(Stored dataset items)
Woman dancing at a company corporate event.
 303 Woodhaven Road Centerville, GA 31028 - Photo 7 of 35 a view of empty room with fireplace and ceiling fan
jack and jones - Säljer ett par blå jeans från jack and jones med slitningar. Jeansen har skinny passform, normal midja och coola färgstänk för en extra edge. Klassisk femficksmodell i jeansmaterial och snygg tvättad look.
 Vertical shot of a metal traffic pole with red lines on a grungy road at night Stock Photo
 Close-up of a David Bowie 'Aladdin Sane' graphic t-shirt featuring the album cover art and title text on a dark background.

■ **WHAT TO PRODUCE**
Reproduce every line of the entries above, unchanged, from the very first one down to and including the line containing "303 Woodhaven Road".

■ **RESPONSE TO THIS TASK**
Woman dancing at a company corporate event.
 303 Woodhaven Road Centerville, GA 31028 - Photo 7 of 35 a view of empty room with fireplace and ceiling fan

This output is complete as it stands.